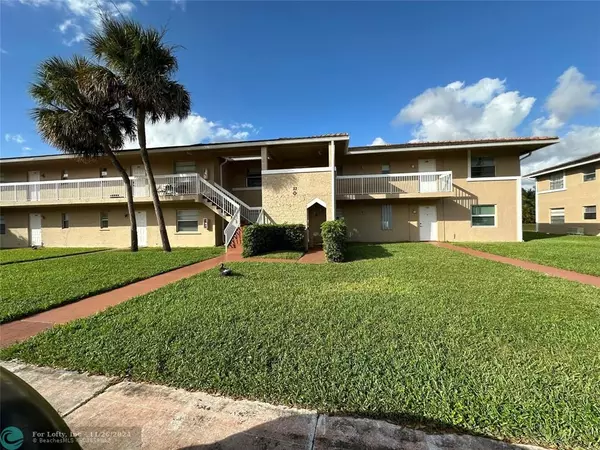 Coral Springs, FL 33071,10161 Twin Lakes Dr  #23-G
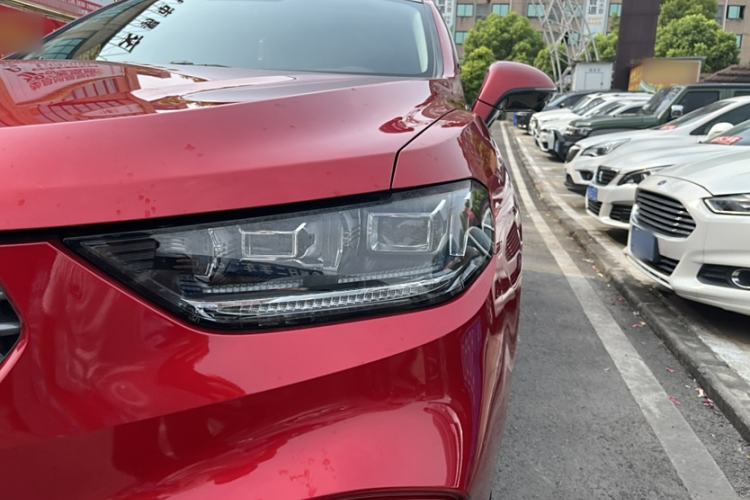 Used Wey VV5 2020 1.5T Two-Wheel Drive Smart Pioneer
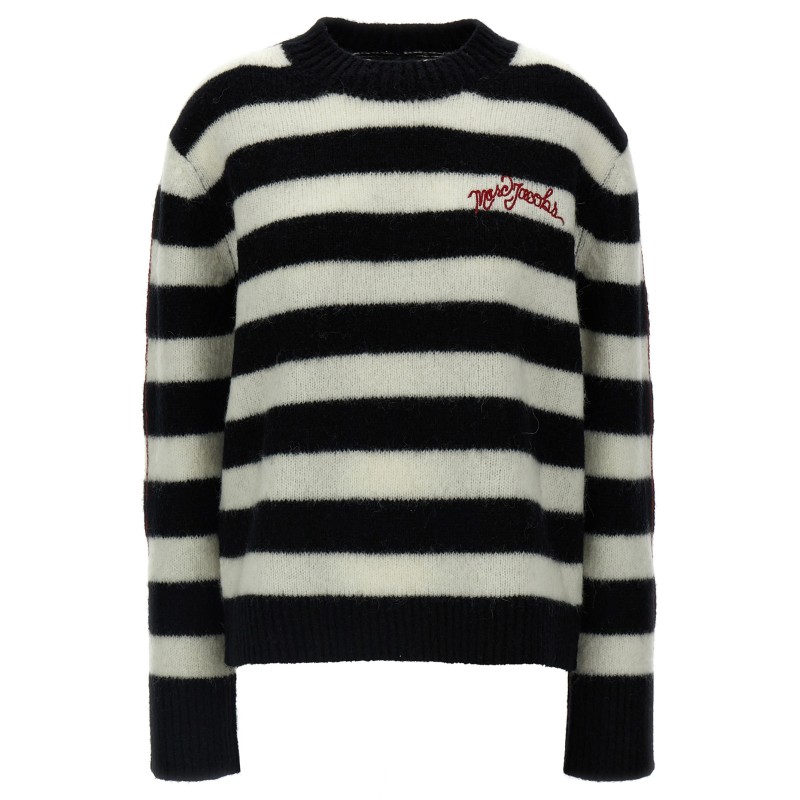 Striped sweater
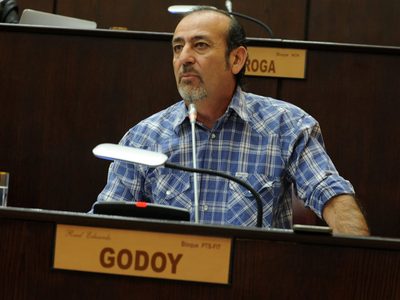 Ya tiene fecha el inicio del juicio al policía que baleó al exlegislador Raúl Godoy
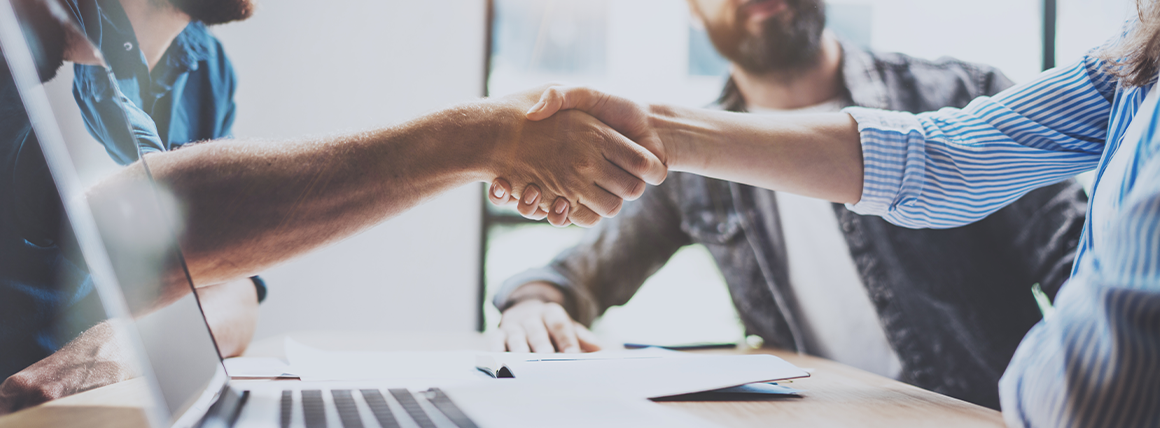 Signature d'un accord de partenariat entre Maarch et Atol CD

▸ The task: Keep the pictures out of the copy and write out the data exactly as it stands.

▸ Finished exercise:
 Coral Springs, FL 33071,10161 Twin Lakes Dr  #23-G
 Used Wey VV5 2020 1.5T Two-Wheel Drive Smart Pioneer
 Striped sweater
 Ya tiene fecha el inicio del juicio al policía que baleó al exlegislador Raúl Godoy
 Signature d'un accord de partenariat entre Maarch et Atol CD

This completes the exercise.